Non perché ci sia una realistica possibilità di un intervento italiano in Libia o, semplicemente, volto a impedire il biblico afflusso di immigranti illegali (non rifugiati) in corso ormai da tempo. Per la Libia non abbiamo le risorse e i mezzi per intervenire. La comunicazione formulata al Consiglio di sicurezza dal rappresentate italiano all’Onu «l’Italia è pronta a guidare una missione di pace» è del tutto velleitaria, visto che, su di essa, non c’è il preventivo consenso dei nostri amici più «cari», cioè gli Usa, la Francia e la Gran Bretagna che aprirono un fronte libico alle nostre spalle provocando il disastro attuale.
Anche una «leadership» diplomatica è al di là delle nostre possibilità, proprio perché nessuno darebbe a un peso piuma come noi l’autorizzazione a misurarsi sul ring della grande politica mondiale.

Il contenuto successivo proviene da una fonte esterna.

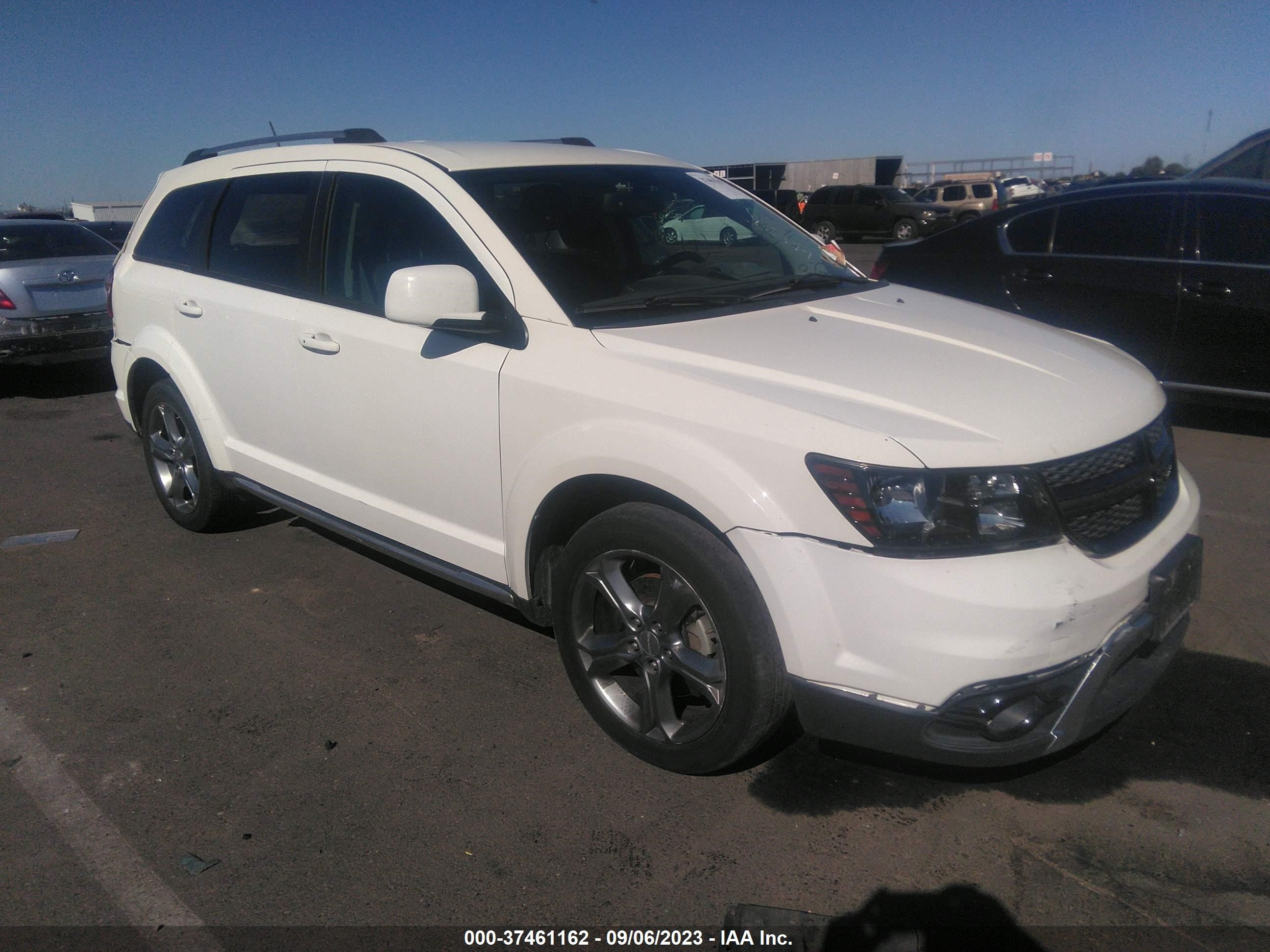 DODGE JOURNEY 2017 3c4pddgg4ht574693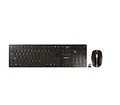 Produktbild: JD-9100DE-2 Cherry DW 9100 SLIM RF Wireless + Bluetooth QWERTZ Schwarz Maus  ~D~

Per quanto riguarda l’immigrazione ci vorrebbe una capacità di iniziativa politica che è completamente estranea alla cultura di questo governo, benché Gentiloni sia tutt’altro che un incompetente o un incapace.
Del resto, il ricorso all’Onu (dell’Egitto) avrebbe avuto un senso per noi solo a condizione che fosse stato effettuato dopo un’adeguata preparazione, con la costruzione di una platea di consenso, nella quale fossero compresi gli Stati Uniti, la Russia e la Cina.
Nella realtà, l’Egitto è strettamente aiutato dagli Usa che l’hanno assistito nel «raid» di Derna.
Quindi dopo la riunione del Consiglio di sicurezza, il cerino, acceso da altri (Usa, Francia GB), è rimasto nelle nostre tremolanti mani. Un tremore di cui è plateale testimonianza l’invito del prefetto di Treviso agli immigrati illegali presenti nel centro raccolta della sua provincia di disperdersi nel resto del territorio nazionale ed europeo.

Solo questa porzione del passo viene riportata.